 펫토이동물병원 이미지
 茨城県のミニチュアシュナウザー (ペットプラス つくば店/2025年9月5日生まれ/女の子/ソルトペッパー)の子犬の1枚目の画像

...

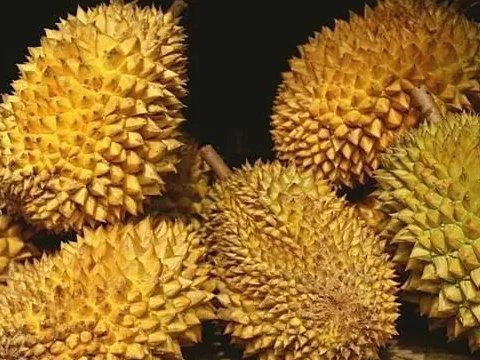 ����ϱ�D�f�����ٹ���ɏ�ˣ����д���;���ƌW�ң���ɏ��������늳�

### Exercise
Please give again the lines above between the line holding "펫토이동물병원 이미지" and the line holding "茨城県のミニチュアシュナウザー (ペットプラス つくば店/2025年9月5日生まれ/女の子/ソルトペッパー)の子犬の1枚目の画像", inclusive, exactly as they are and with nothing added.

### Task solution
 펫토이동물병원 이미지
 茨城県のミニチュアシュナウザー (ペットプラス つくば店/2025年9月5日生まれ/女の子/ソルトペッパー)の子犬の1枚目の画像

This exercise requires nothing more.